Summer is over, weekend trips to the shore or mountains are memories, school is already in full swing and with school come all of the school and extracurricular activities, and your children are interested in too many of them. How do we choose and how do we manage schedules with multiple children, each with their desired activities?

In our churches, and in many other not-for-profit organizations, including sports teams, mentoring opportunities, service organizations and more, the search is on for volunteers who can give just a bit of their time. How do we juggle all of the activities, along with work and household chores, let alone some time for fun and fitness for ourselves?

Time might be the most precious thing in our lives, because everyone has just 24 hours in a day and seven days in a week. When we allow our lives to be overloaded by options, we can get pulled in too many directions and can lack the energy and focus to enjoy our main activities and give them our best. We can’t do everything well at once. The question arises then: how can we learn to set priorities and say no?
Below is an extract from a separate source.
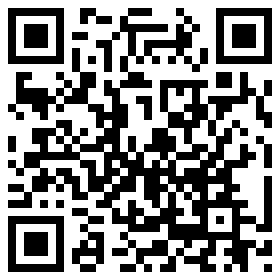 qrcode für Siemens 3VA6460-5KQ41-0AA0 - Leistungsschalte In=600A Ir=240A 600A II=1 5 10xIn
So here are some tips to help you steward your time well:

  • God blesses us with material resources, but God also blesses us with time. We must steward our time wisely; recognizing that our time is a gift from God helps us think seriously about how we use it. Using our time wisely requires focus and discipline.
  • Focus where God has given you gifts and callings. God gives us clues about what activities we should focus on. Everyone has different gifts. The abilities with which God has entrusted us offer signs about which activities we should pursue. Following a calling means pursuing some activities to the exclusion of others.
  • 1) pray; 2) listen to your heart and what gives you satisfaction; 3) write down where your strengths lie; and 4) think about how you make a difference for others. These four guideposts can help you think about how to use my time so that my lifestyle is consistent with God’s will. And it can help your children sort out their priorities too.
  • No is not a bad word. I know we don’t like to disappoint others, but people tend to respect us when we know and explain our limits. And with our children, learning early on that we cannot do everything is an important learning.
  • Tithing can be part of your use of your time. If you think about your work week, could you take four hours a week to do something for the church and/or another community service organization? Volunteering is the offering of our time and talents to benefit others. It is just as important as Tithing our financial resources.

So it’s all about time – how we use it, how we share it, how we cherish every moment that God has given us.